Philip Monk writes that, despite Psychos familiarity, the extreme slowness makes the plot incomprehensible and unable to match the viewer's memory or concept of time, while also freeing the viewer from the film's time. He writes that 24 Hour Psycho diverts the audience from the traditional pattern of watching films by nullifying time all together, endlessly postponing the "catharsis associated with this genre of entertainment" and complicating the audience's perception of time. 24 Hour Psycho instead subjects the characters of Hitchcock's film to a "celluloid prison where they are condemned to attend their fate in a slow-motion trap." Monk further adds that 24 Hour Psycho simulates the psychological disturbance and madness of Norman Bates; while Hitchcock's film shows the madness of Bates before the psychologist at the end of the film explains his mental disturbance, 24 Hour Psycho "actualises it" by making his madness visible instead of referring to it. By muting the sound, Gordon accomplishes in 24 hour Psycho what "Hitchcock perhaps intended as a cinematic trope: to show Norman's madness by sight" alone.

Klaus Pieter Biesenbach writes that "duration is immeasurable" and has its own "inner rhythm", saying that the more detailed a memory of a certain period, the longer it seems to have been. To Biesenbach, 24 Hour Psycho intensifies this quality by exposing Psychos subliminal moments as all theatrical elements—noting suspense and climax—become obsolete. He argues that the scale and size of films matter, writing that today most classical films are seen at home rather than in the cinema, but Gordon rescales such films close to their original presentation size by usually exhibiting them on "ten-by-twelve-foot screens" when exhibiting his artwork in museums and art galleries. Biesenbach also adds that viewers of 24 Hour Psycho would attempt to compare their memories of the original film to Gordon's artwork, which "so explicitly alludes to the idea of life as a storyboard, containing suspense and unexpected turns that occur according to the commonly understood logic of the psychoanalysed human being."
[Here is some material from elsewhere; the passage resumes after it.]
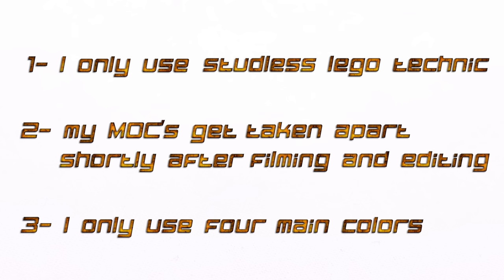Third, I only use four main colors. This is because most parts are cheap in those colors, I like the color combination, and using just four colors makes it easy to sort them.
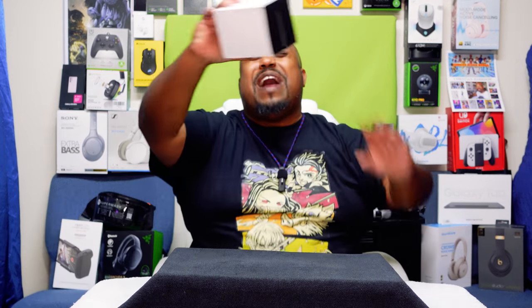Today we're going to be unboxing a brand new watch. My wife got me this watch. She said, 'Hey, I see you're trying to step up your watch game.' So she ordered me this watch, and I'm happy. Got a new watch to unbox.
Laura Mulvey writes that 24 Hour Psycho represents the rise of home video, calling it a "celebration" of the new options that films on home media offer—such as playback speed. She notes that anyone who wishes can now "play with the film image and, perhaps, in the process, evolve voyeurism and investment in spectacle into something closer to fetishism and investment in repetition, detail and personal obsession", just as Gordon had done.